La jeunesse et l'ardeur de mon bouillant courage (05).

PHlLONIDE. Cesse, mon brave, de jouer ainsi la tragédie, et parle simplement, sans te guinder
sur tes iambes. Qu'est-ce que cet accoutrement ? Quel besoin avais-tu de faire un voyage aux
Enfers? La route n'en est, je crois, ni agréable, ni séduisante.

MÉNIPPE. Mon doux ami,

Moi, je suis descendu dans ce royaume sombre,


Du vieux Tirésias pour interroger l'ombre (06).

PHlLONIDE. Tu es fou ; autrement, tu ne chanterais pas à tes amis ces lambeaux versifiés.

MÉNIPPE. N'en sois pas surpris, mon cher. Je viens de rencontrer Euripide et Homère, et, sans
m'en apercevoir, je me suis tout imprégné de poésie, si bien que, malgré moi, les vers me
viennent à la bouche.

2. Mais, dis-moi, que se passe-t-il sur la terre, que font les gens de cette ville ?

PHlLONIDE. Rien de nouveau ; ils sont, comme autrefois, pillards, parjures, usuriers, peseurs
d'oboles.

MÉNIPPE. Les malheureux ! Les misérables ! Ils ne savent donc pas quelles mesures on a prises
dernièrement dans les Enfers, quels décrets on y a portés à l'unanimité contre les riches, et je
les défie, par Cerbère, de trouver un moyen d'y échapper.

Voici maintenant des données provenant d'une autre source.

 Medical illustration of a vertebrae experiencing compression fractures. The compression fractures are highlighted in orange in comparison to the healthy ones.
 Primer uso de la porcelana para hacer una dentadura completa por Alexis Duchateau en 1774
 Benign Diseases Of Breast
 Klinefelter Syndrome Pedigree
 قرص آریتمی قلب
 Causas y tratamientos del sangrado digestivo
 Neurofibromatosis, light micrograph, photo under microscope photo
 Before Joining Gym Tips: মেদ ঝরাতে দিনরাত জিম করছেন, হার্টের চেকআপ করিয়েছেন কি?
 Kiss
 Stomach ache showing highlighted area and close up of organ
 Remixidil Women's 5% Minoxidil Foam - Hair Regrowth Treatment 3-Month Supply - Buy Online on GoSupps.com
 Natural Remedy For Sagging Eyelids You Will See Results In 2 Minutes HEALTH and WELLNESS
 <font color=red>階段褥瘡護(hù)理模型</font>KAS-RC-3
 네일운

PHlLONIDE. Que dis-tu ? A-t-on pris aux Enfers quelques décisions nouvelles relativement à
ceux d'en haut ?

MÉNIPPE. Plusieurs, par Jupiter ! Mais il n'est pas permis de les dire à tout le monde ni de
divulguer ces secrets ; on pourrait me décréter d'impiété au tribunal de Rhadamanthe.

PHlLONIDE. Ne crains rien, Ménippe, au nom de Jupiter ; ne prive pas un ami de ce récit
intéressant : tu parleras à un homme qui sait se taire, et qui, d'ailleurs, est initié.

MÉNIPPE. Tu m'imposes là une tâche pénible, et qui n'est pas sans danger ; cependant, je veux
bien risquer quelque chose pour toi. Il a donc été décidé que tous ces riches, ces hommes
cousus d'or, qui gardent leurs richesses comme une Danaé...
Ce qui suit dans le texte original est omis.